Essential to my plan for crossing the North American Plate was that in due course I would reach the place where it met its western neighbor, the Pacific Plate. Once I got there, I would in all probability want to place one foot on each of the two plates, as a tourist trophy—much as one likes to have snapshots taken with a foot on each side of the equator (one of them thus experiencing summer, the other technically winter), or to capture the moment of being briefly astride the Greenwich meridian, or (while at sea) the international date line. And then, as I looked through the field notes I had kept from that long-ago trip to Iceland, something similar occurred to me. Even though we had no idea that an entity called the North American Plate even existed (a measure of how new plate tectonic theory is), was there any chance, I wondered, that during that expedition I had managed to stand on the place where that plate met its eastern neighbor, the Eurasian Plate? Had I done so, it would have given my intended American trip a pleasing sense of symmetry, if nothing else.

So, briefly excited, I examined my old notes even more closely. I reread our expedition report; I pored over our yellowed maps. And yes, I thought after a while, there was indeed one place in Iceland, one place to which at the time I had attached little importance, where I might in fact have done that very thing.

My search for that place on the eastern edge began with the reddest of red herrings. Shortly before we went off to Iceland, a brand-new island had been formed, amid much fanfare from the world's press, off the country's southwestern coast. The locals named the island Surtsey, after the Nordic fire god Surtur; and since we were there, and curious, and ostensibly interested in a new topography, we found ourselves a small fishing smack and an intrepid young skipper, and went off to have a look. The sea was the color of iron and heaving; the weather was foul, and Surtsey lay twenty miles off the coast. Eventually we reached it—a gray, smoking hulk of fresh lava, by then a good 300 feet high and perhaps half a mile across. There was a dusting of green against the
gray, as the first plants had already been established (notably a cluster of something called sea rocket); the first animal had arrived (a housefly, not easily visible from the deck of a rolling smack); and the first of the innumerable seabirds that would stop there, at what for them was a newly convenient resting place, were wheeling down from the clouds—herring gulls, kittiwakes, fulmars, and (from the sound of their chattering growl) murres were clustered happily on the craggy shore.

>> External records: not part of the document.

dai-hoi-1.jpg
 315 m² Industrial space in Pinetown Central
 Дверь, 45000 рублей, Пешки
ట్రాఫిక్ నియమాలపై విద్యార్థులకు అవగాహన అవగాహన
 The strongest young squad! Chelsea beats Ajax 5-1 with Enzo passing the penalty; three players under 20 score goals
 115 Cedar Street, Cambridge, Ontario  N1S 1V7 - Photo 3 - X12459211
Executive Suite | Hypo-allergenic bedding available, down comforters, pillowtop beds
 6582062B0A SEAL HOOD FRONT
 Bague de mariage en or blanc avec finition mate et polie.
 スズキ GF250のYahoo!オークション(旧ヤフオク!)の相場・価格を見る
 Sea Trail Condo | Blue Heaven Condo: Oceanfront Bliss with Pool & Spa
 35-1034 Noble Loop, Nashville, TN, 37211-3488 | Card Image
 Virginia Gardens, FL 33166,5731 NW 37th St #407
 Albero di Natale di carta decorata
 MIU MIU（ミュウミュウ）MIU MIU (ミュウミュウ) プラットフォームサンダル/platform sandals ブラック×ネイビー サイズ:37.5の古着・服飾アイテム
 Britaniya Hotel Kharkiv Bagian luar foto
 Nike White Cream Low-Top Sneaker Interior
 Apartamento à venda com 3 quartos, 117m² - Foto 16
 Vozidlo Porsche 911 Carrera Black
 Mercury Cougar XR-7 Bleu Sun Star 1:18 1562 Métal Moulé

From the look of the contour lines on the adjoining islands and on the main island itself, and from the
son et lumière
of all this fresh volcanic activity, it seemed to us very much as though it was somewhere around this point that the Mid-Atlantic Ridge was welling up from the mantle below, with the coast that lay to the west of where Surtsey rose technically American tectonic real estate, and the cliffs and hills that stretched away to the east—toward the Faeroes, Shetlands, Scotland, and France—European territory.

But today's scientific literature says otherwise. True, if an imaginary line is drawn from Surtsey northeastward to Heimaey and the other Westmannaeyjar Islands (which have to be evacuated with dismaying frequency because of their very active volcanoes, the last time being in 1973), and extended farther northward through the peak of Iceland's most infamously dangerous volcano, Hekla (whose eruption in 1783 caused terribly cold winters all over northern Europe), it does look beguilingly like a ridgeline.

But geophysicists who are currently monitoring the line—and few places in the world are as closely monitored as Iceland (which is hardly surprising, given that it marks a place where the planet is tearing itself open)—are doubtful. Surtsey is very interesting, of course; but, though the region often behaves in a quite spectacular way and so is noticed by the outside world (as with the birth of the island, for instance, which was greeted with the enthusiasm usually reserved for pandas or heirs to royal thrones), it appears from close examination that nothing much is going on there other than that a plume of superhot material is welling up from within the earth and spilling out along this fissure track.